## PROBLEM REQUIREMENTS:
Transcribe the full listing below, word for word, without pictures.
** Opening PROVIDED DATA block **
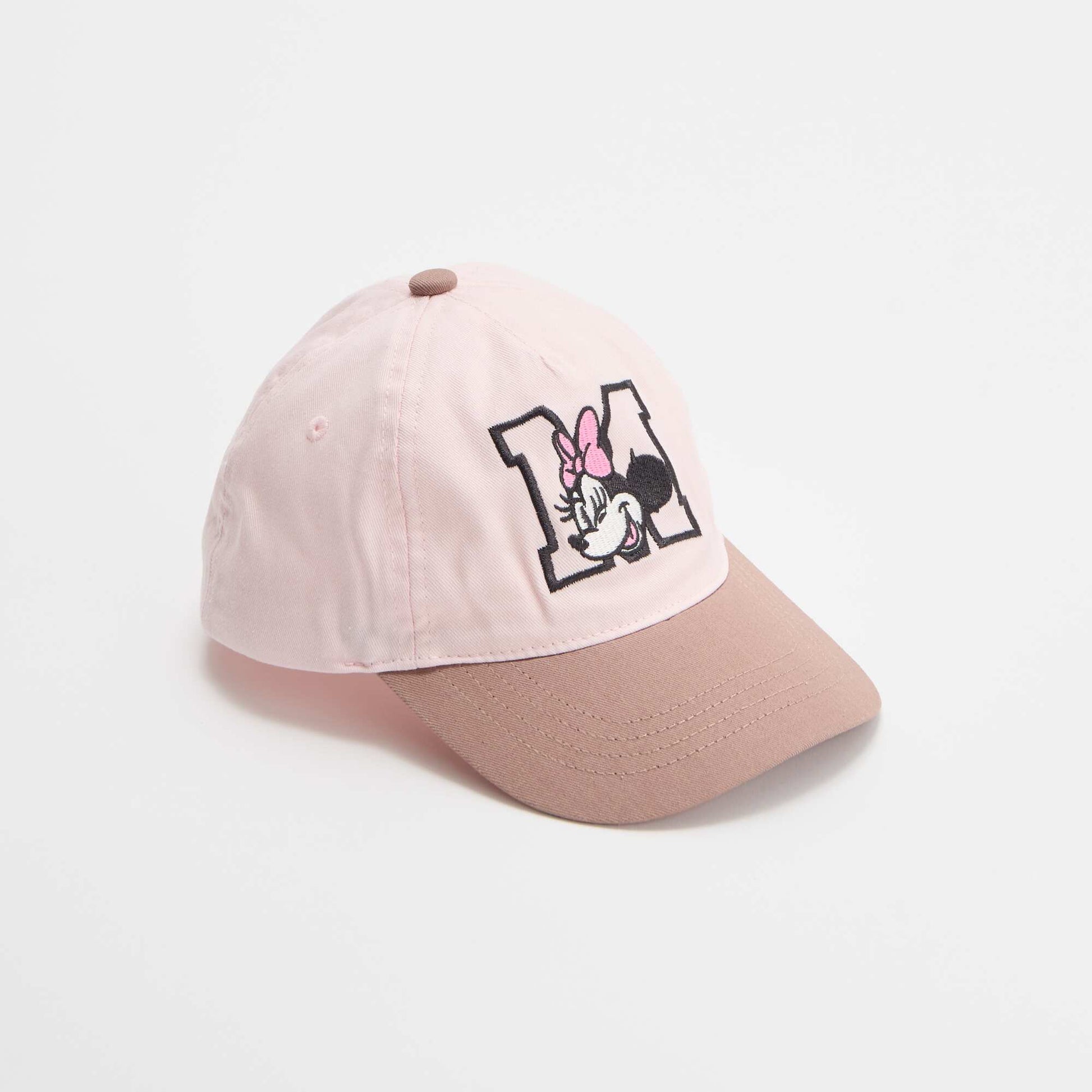 'Minnie' 'Disney' Baseball Cap PINK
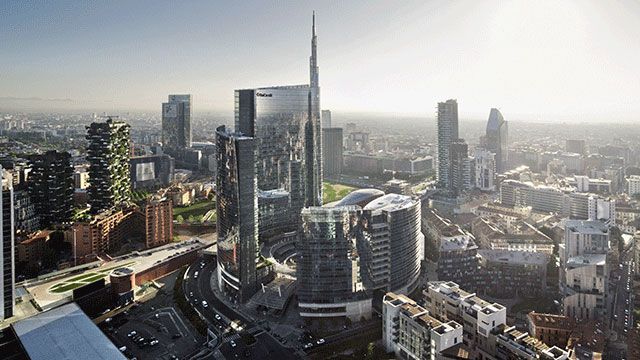 Let’s start from Porta Nuova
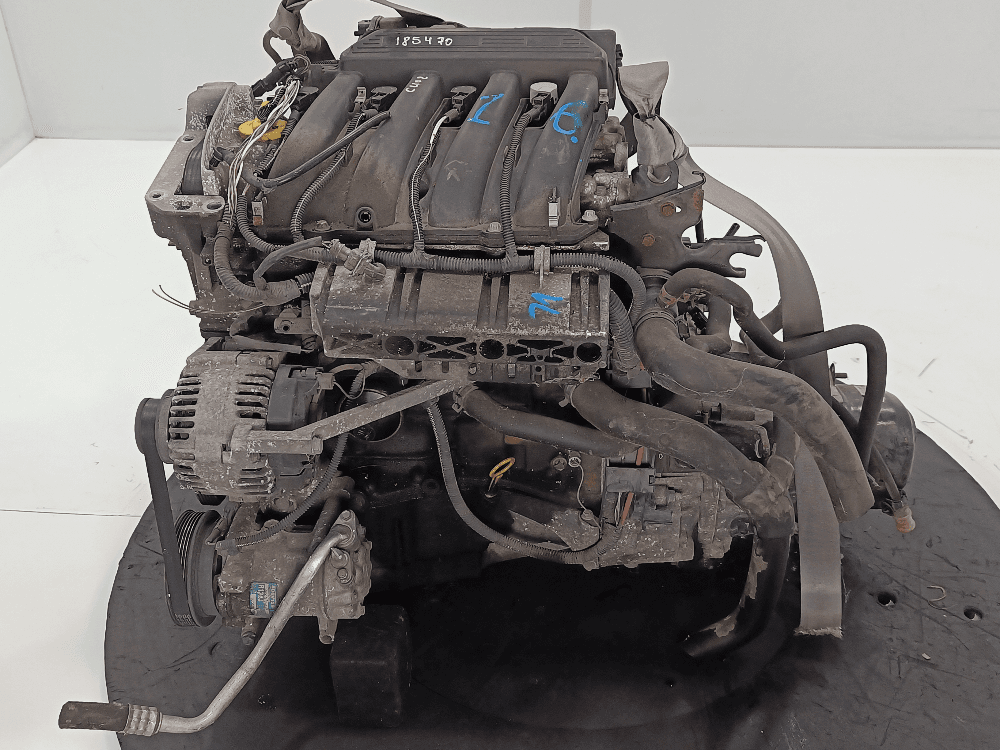 Двигатель к Renault Clio 2 Рестайлинг (01-03)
** Closing PROVIDED DATA block **
## TASK SOLUTION:
 'Minnie' 'Disney' Baseball Cap PINK
 Let’s start from Porta Nuova
 Двигатель к Renault Clio 2 Рестайлинг (01-03)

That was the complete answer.